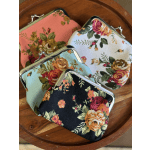 Three floral fabric coin purses with metal clasps on a wooden tray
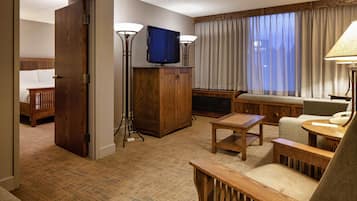 Ett hotellrum med ett träskåp, en tv, en soffa, ett litet bord och en lampa.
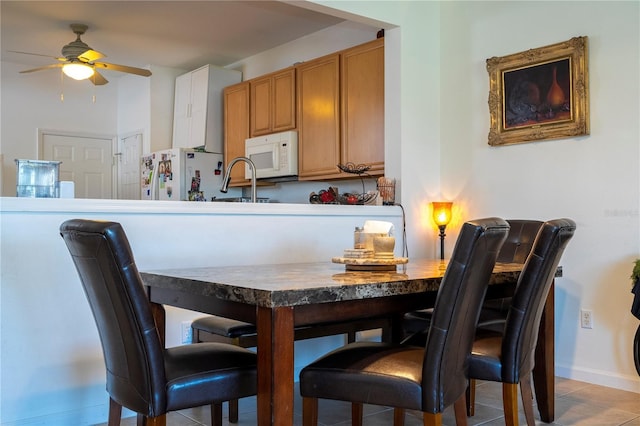 tiled dining space featuring ceiling fan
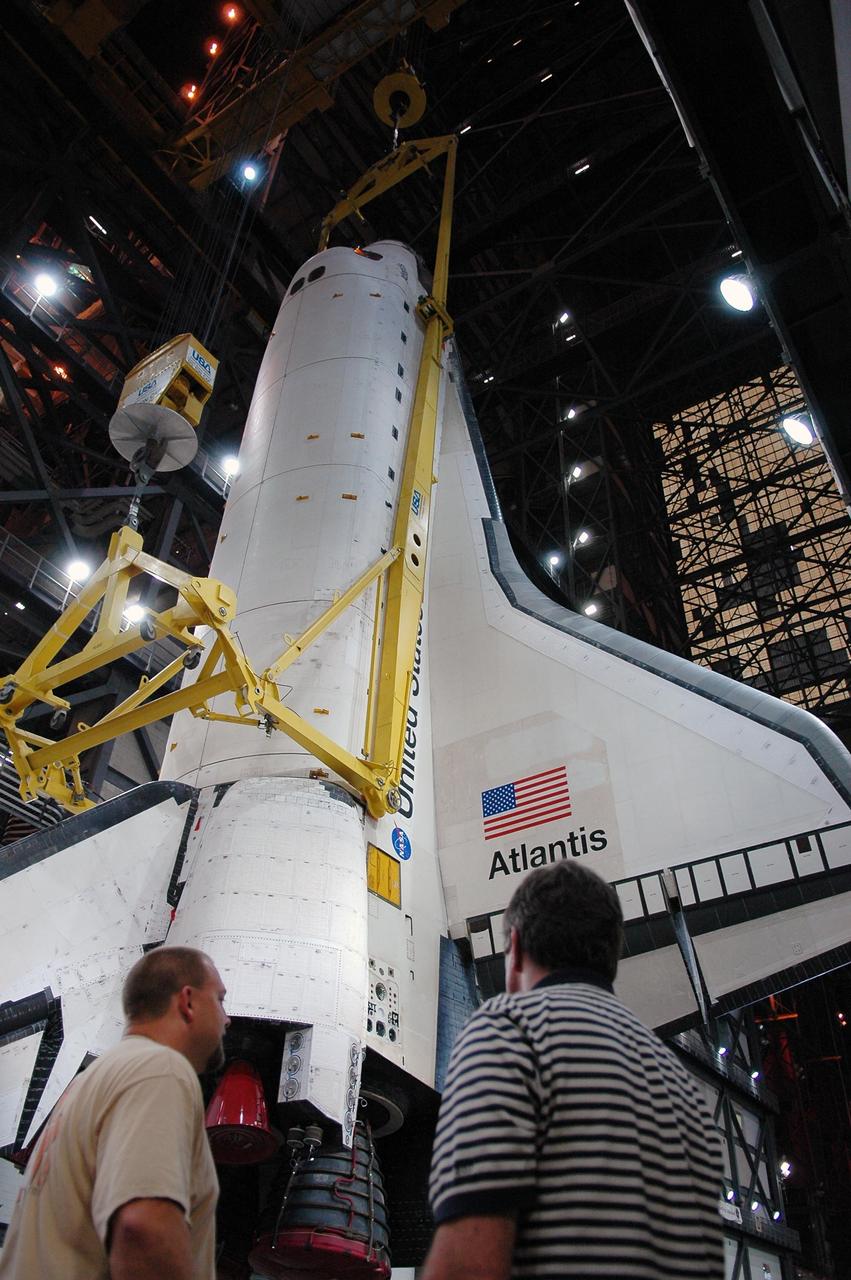 KENNEDY SPACE CENTER, FLA.  - In the transfer aisle of the Vehicle Assembly Building, an overhead crane and sling is ready to lift Atlantis into high bay 3 for stacking with the external tank and solid rocket boosters already installed on the mobile launcher platform.  After mating with the external tank and boosters, Atlantis will undergo a shuttle interface test and other prelaunch processing.  Atlantis' launch window begins Aug. 28. During its 11-day mission to the International Space Station, the STS-115 crew of six astronauts will continue construction of the station and install their cargo, the Port 3/4 truss segment with its two large solar arrays.  Photo credit: NASA/Kim Shiflett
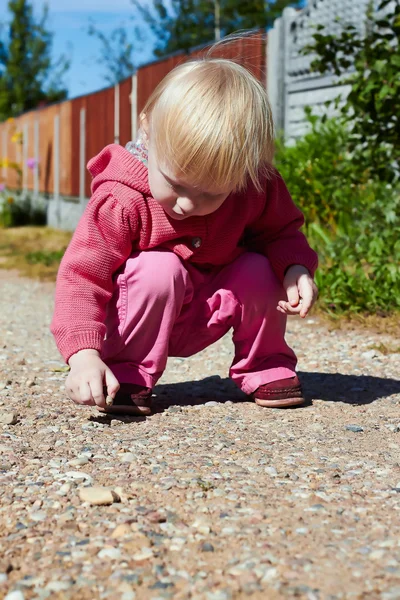 Kleines Mädchen spielt mit Kieseln — Stockfoto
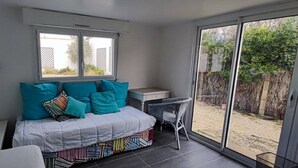 A bedroom with a bed, a desk, and a view of the backyard through a sliding glass door. - La Nantaise de la mer Saint Hilaire de Riez (SAINT HILAIRE DE RIEZ)
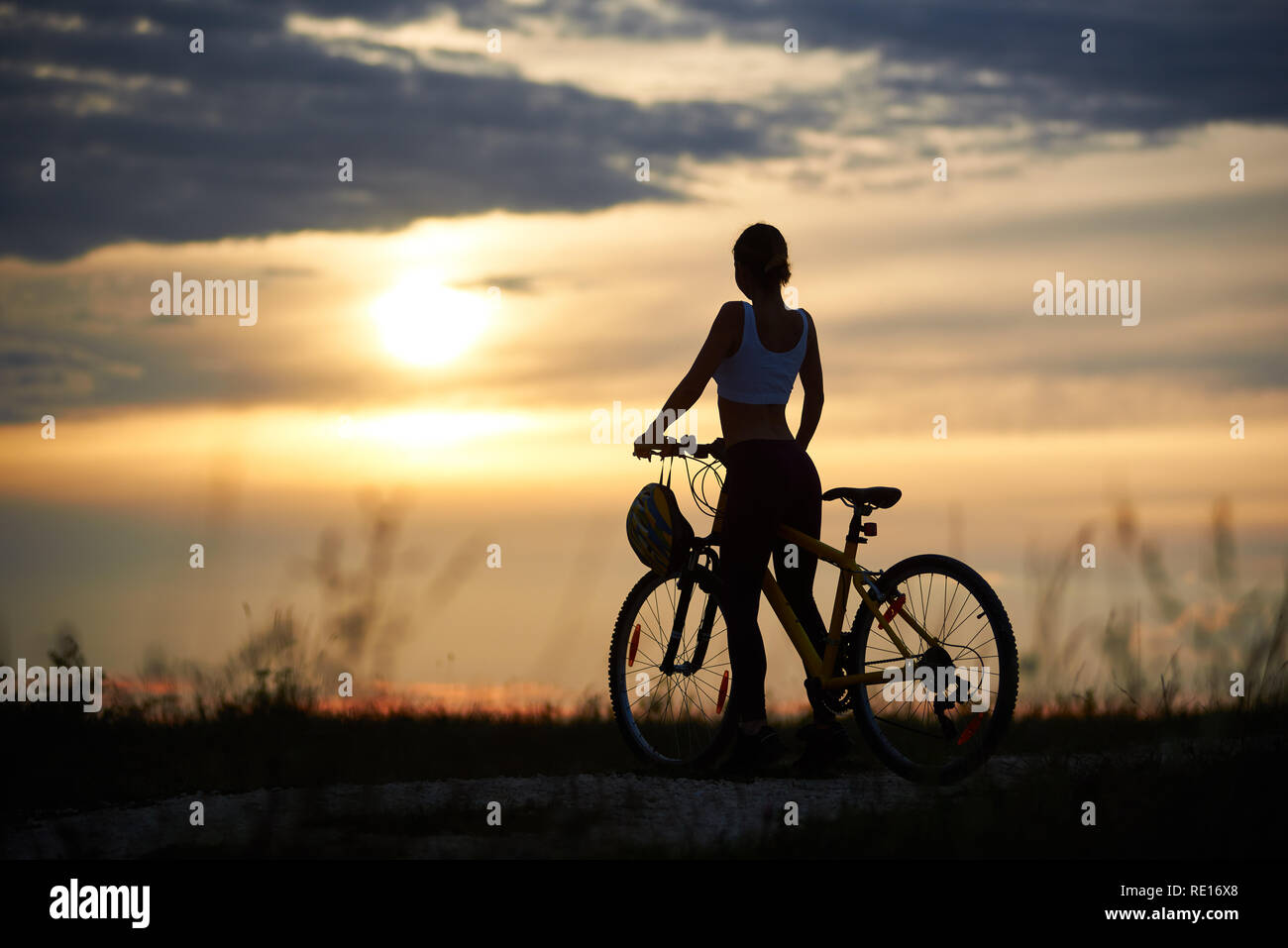 Rückansicht der Frau mit dem Fahrrad auf der Straße unter Gras genießen den Sonnenuntergang am Abendhimmel. Das Mädchen hat einen schönen sportlichen Körper. Helm hängt an den Griff des Fahrrad Stockfoto
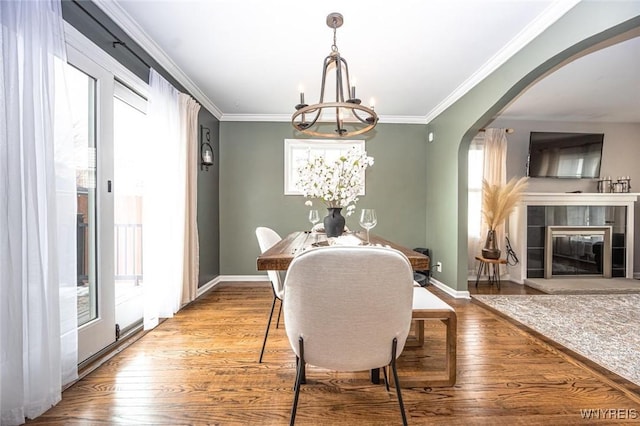 dining room featuring crown molding, arched walkways, and hardwood / wood-style floors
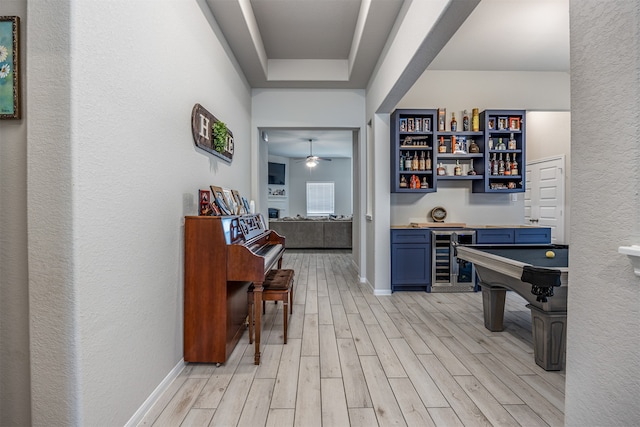 corridor with wine cooler and light hardwood / wood-style floors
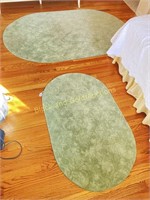 Pair of oval textured rugs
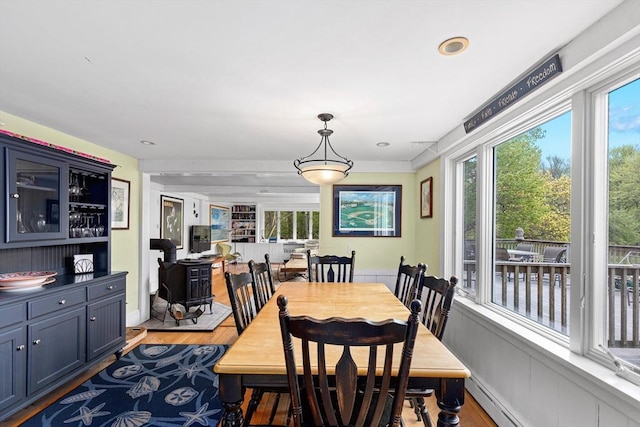 dining area with light wood-type flooring, a wealth of natural light, and baseboard heating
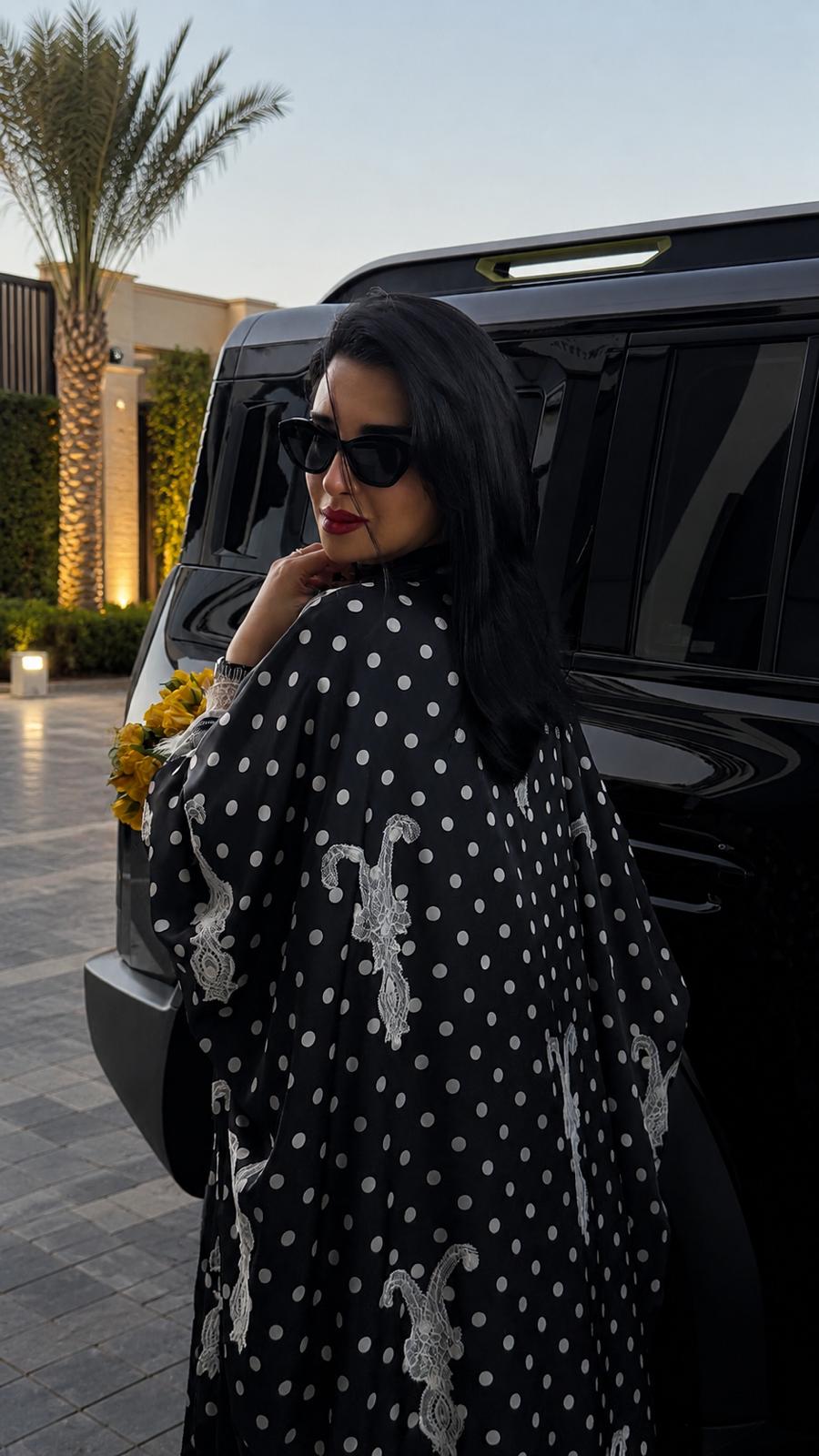 Pois Dentelle black abaya with white polka dots and lace, back view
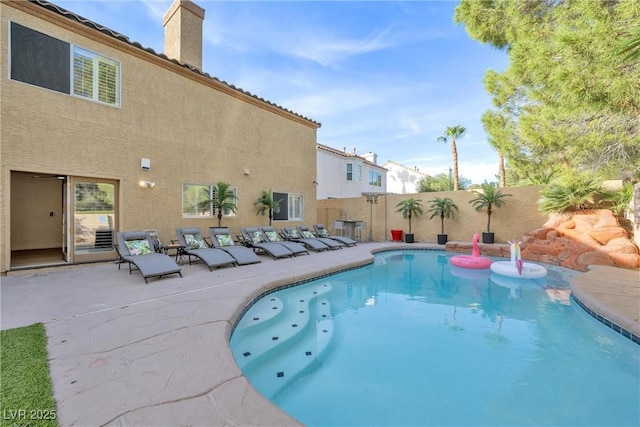 view of pool with a patio area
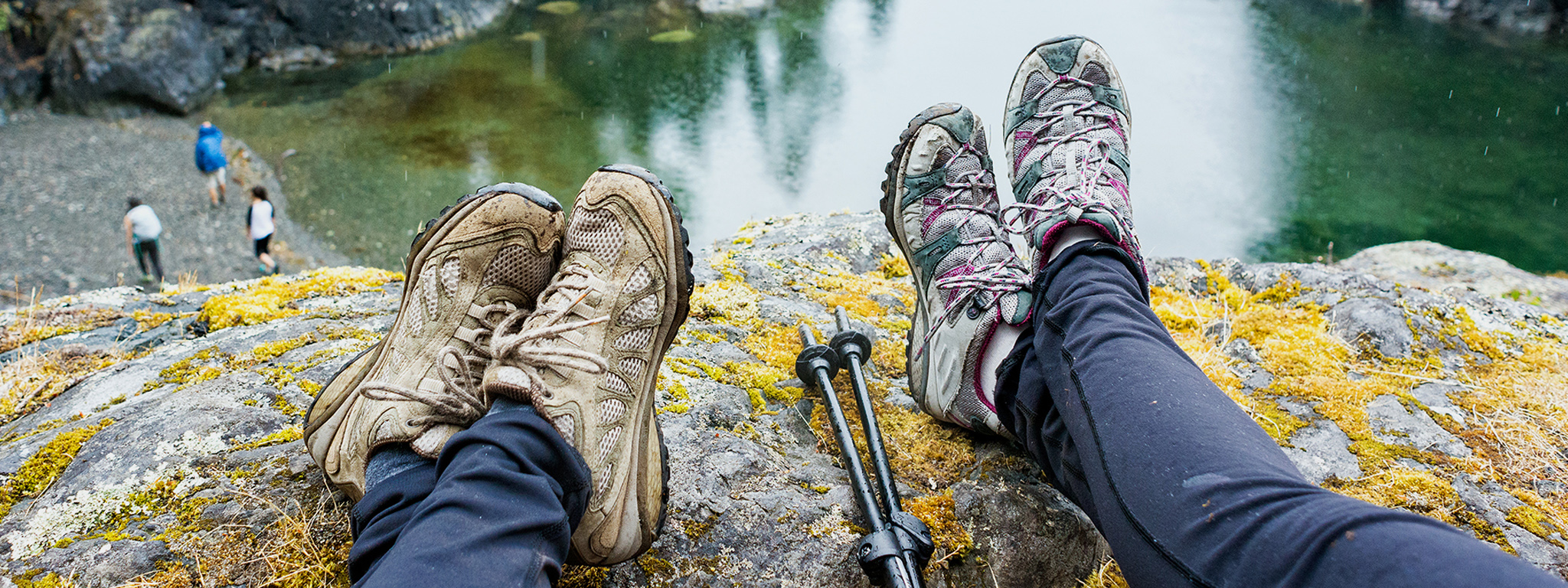 Os pés de duas pessoas pendurados sobre a beira de uma rocha com vista para um lago.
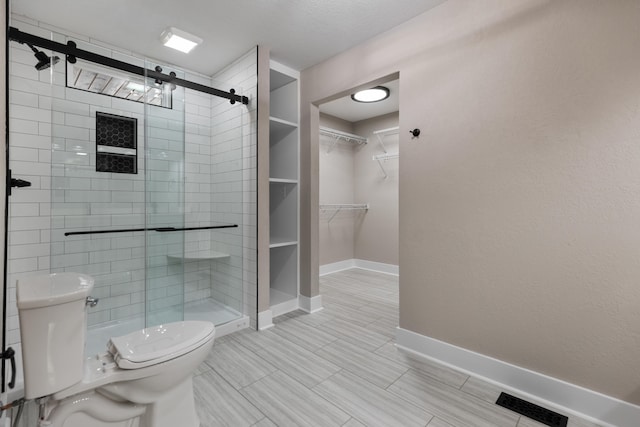 bathroom featuring toilet and an enclosed shower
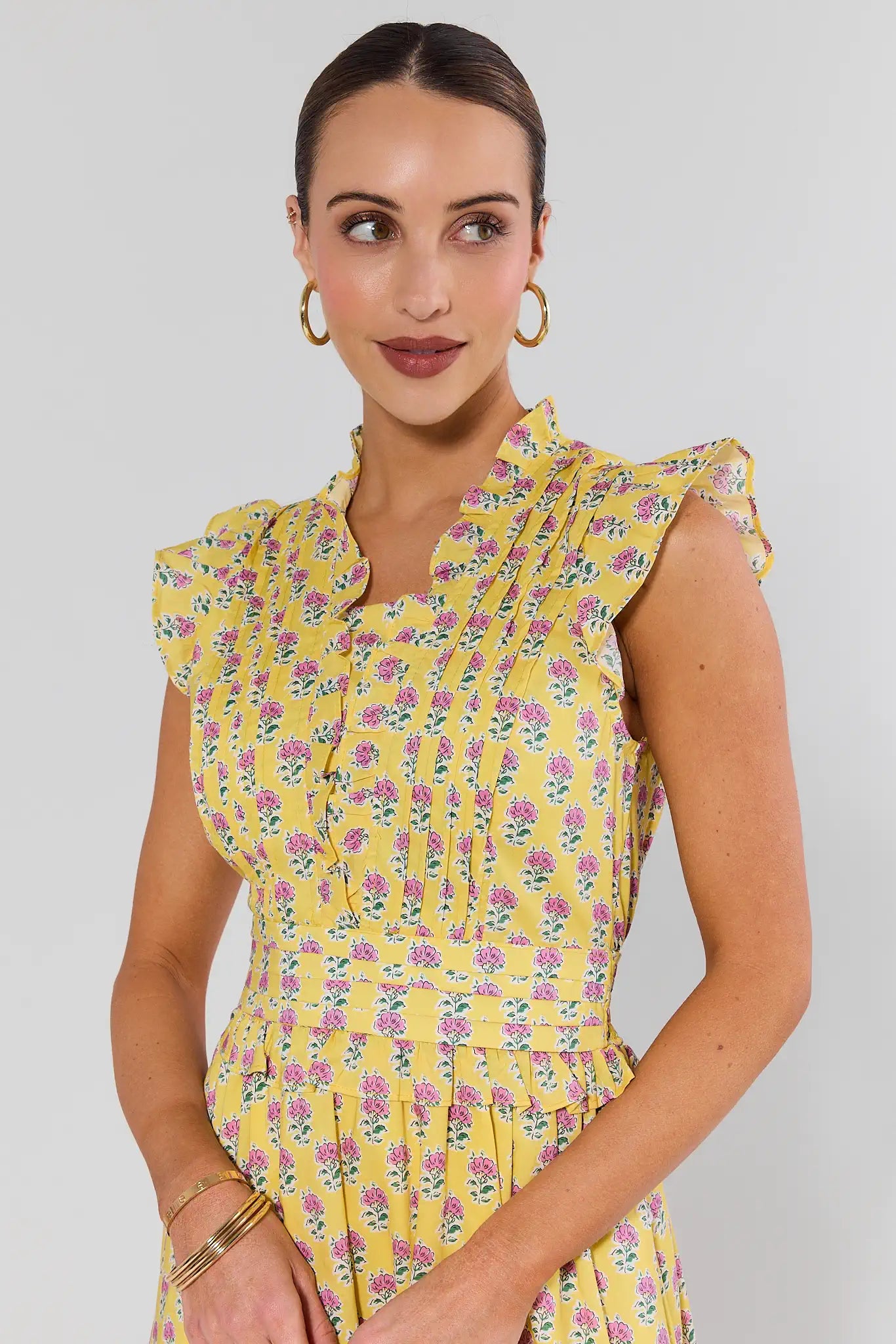 Woman wearing a yellow floral dress against a plain background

··········

In the records above, find the line with "tiled dining space featuring ceiling fan". Print exactly from there through the line with "Kleines Mädchen spielt", minus the pictures.

 tiled dining space featuring ceiling fan
 KENNEDY SPACE CENTER, FLA.  - In the transfer aisle of the Vehicle Assembly Building, an overhead crane and sling is ready to lift Atlantis into high bay 3 for stacking with the external tank and solid rocket boosters already installed on the mobile launcher platform.  After mating with the external tank and boosters, Atlantis will undergo a shuttle interface test and other prelaunch processing.  Atlantis' launch window begins Aug. 28. During its 11-day mission to the International Space Station, the STS-115 crew of six astronauts will continue construction of the station and install their cargo, the Port 3/4 truss segment with its two large solar arrays.  Photo credit: NASA/Kim Shiflett
 Kleines Mädchen spielt mit Kieseln — Stockfoto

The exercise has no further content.